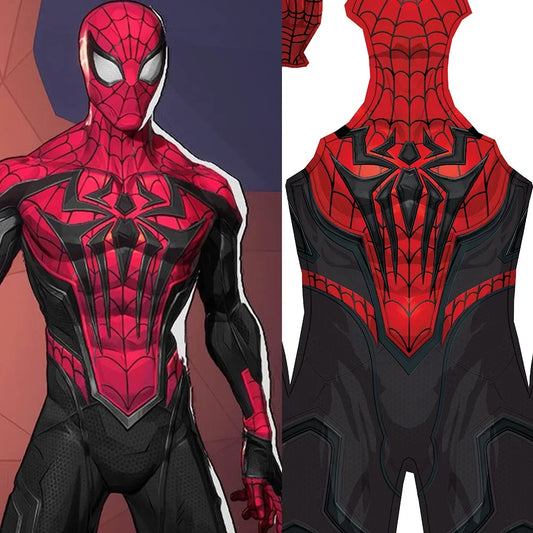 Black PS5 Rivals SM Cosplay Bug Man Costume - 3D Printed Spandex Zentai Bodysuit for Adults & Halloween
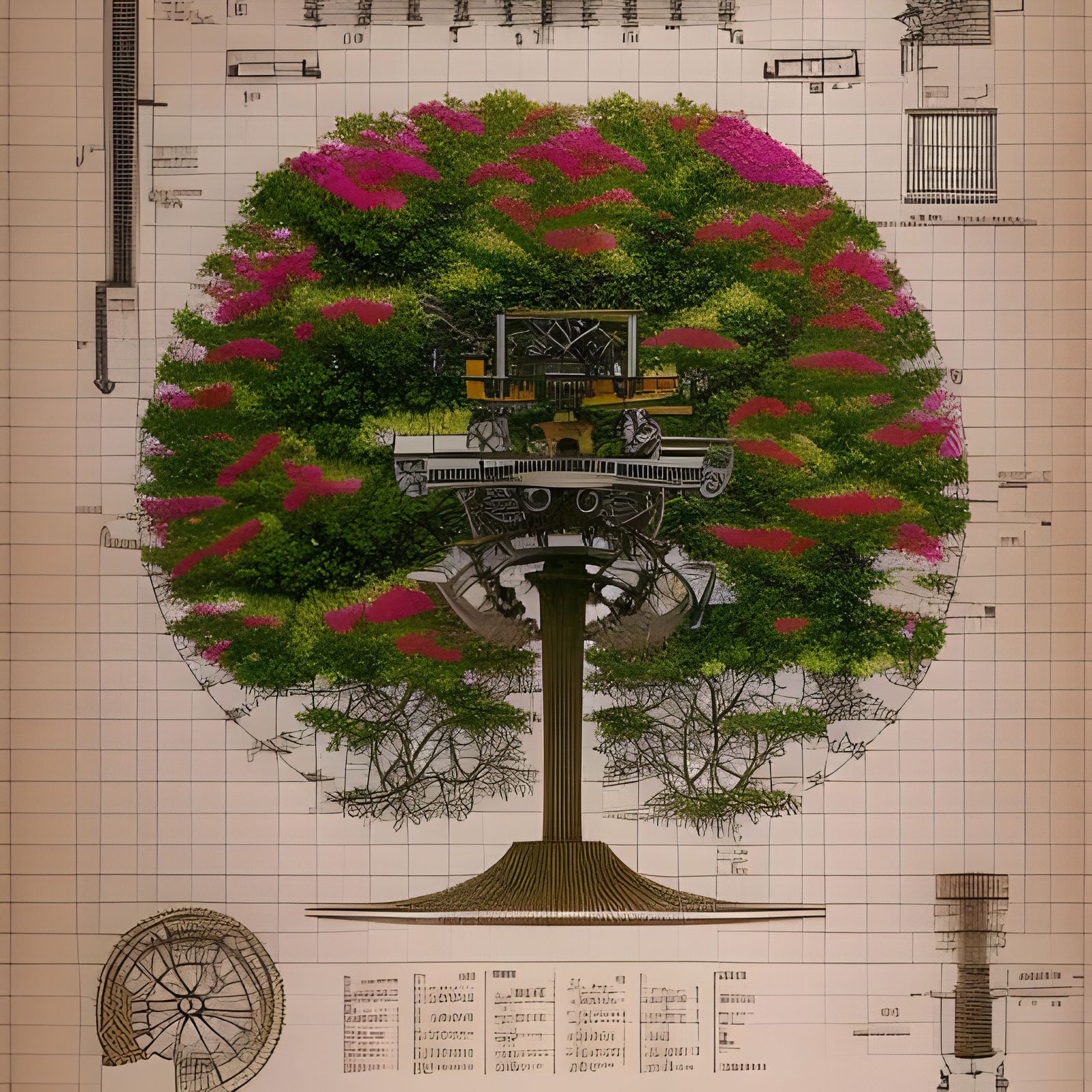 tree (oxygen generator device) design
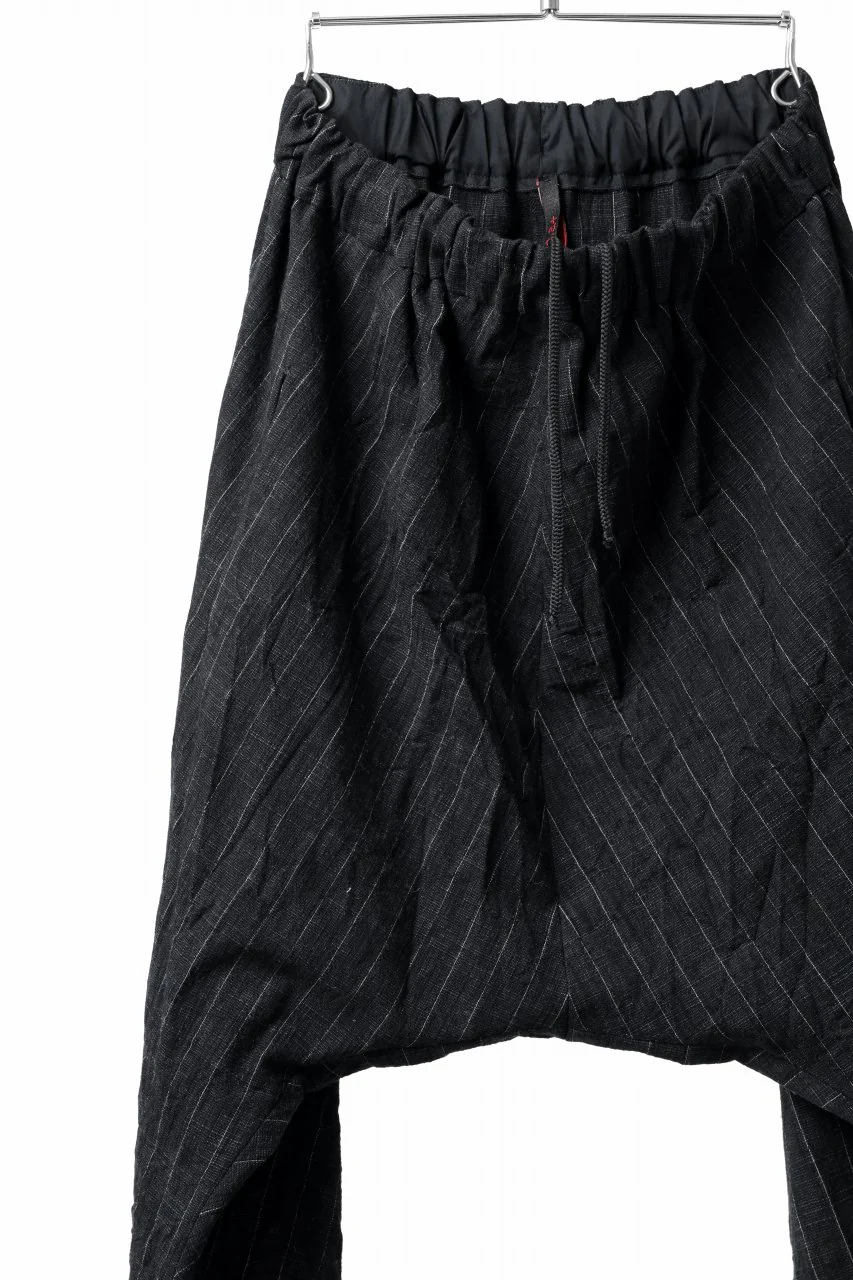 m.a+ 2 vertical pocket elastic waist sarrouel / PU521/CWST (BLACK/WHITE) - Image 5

--

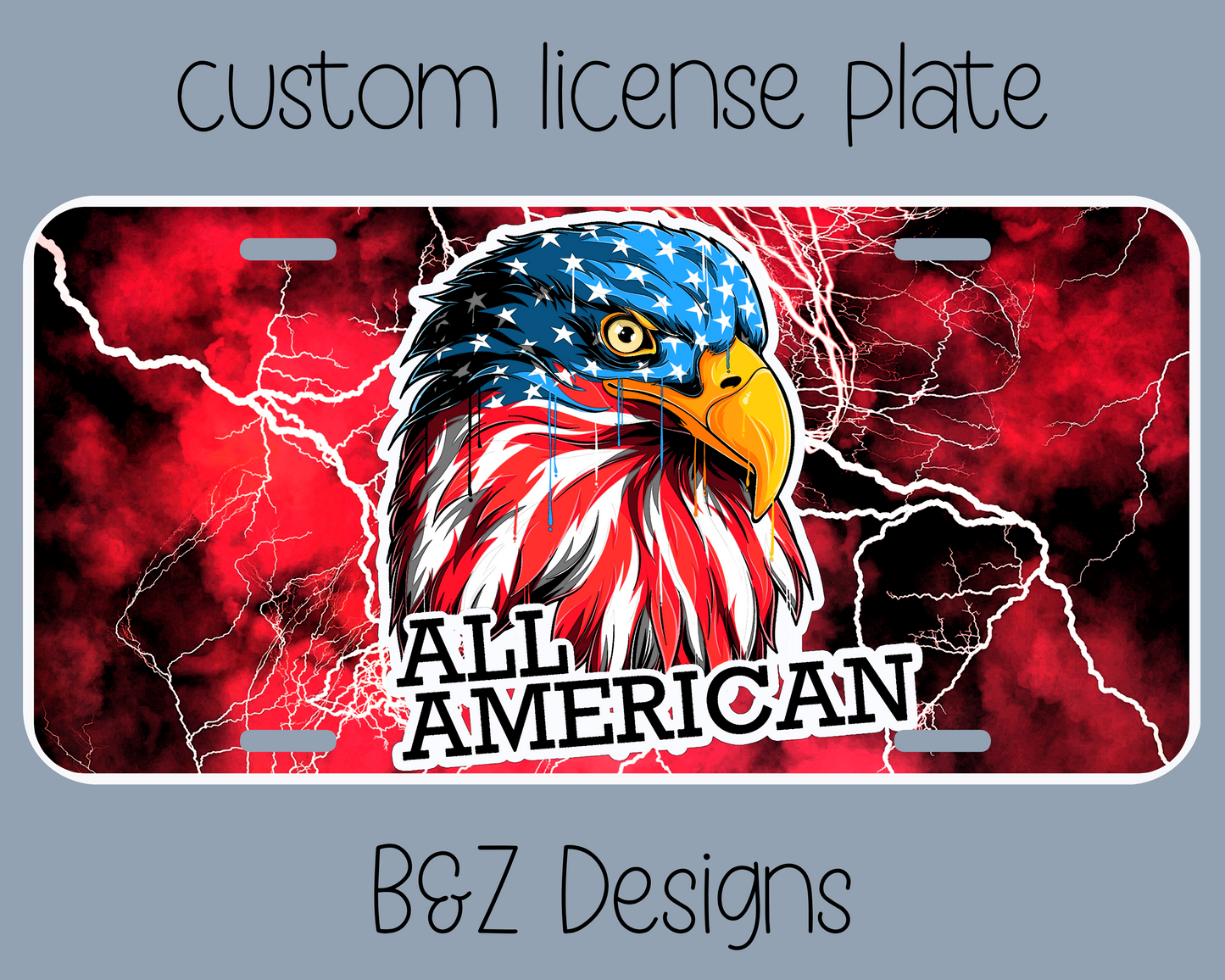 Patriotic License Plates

PROBLEM TO WORK ON: Everything above from the line that has "tree (oxygen generator device) design" down to the line that has "m.a+ 2 vertical" should be output exactly, with both of those lines included. Leave the pictures behind.

TASK RESULT:
 tree (oxygen generator device) design
 m.a+ 2 vertical pocket elastic waist sarrouel / PU521/CWST (BLACK/WHITE) - Image 5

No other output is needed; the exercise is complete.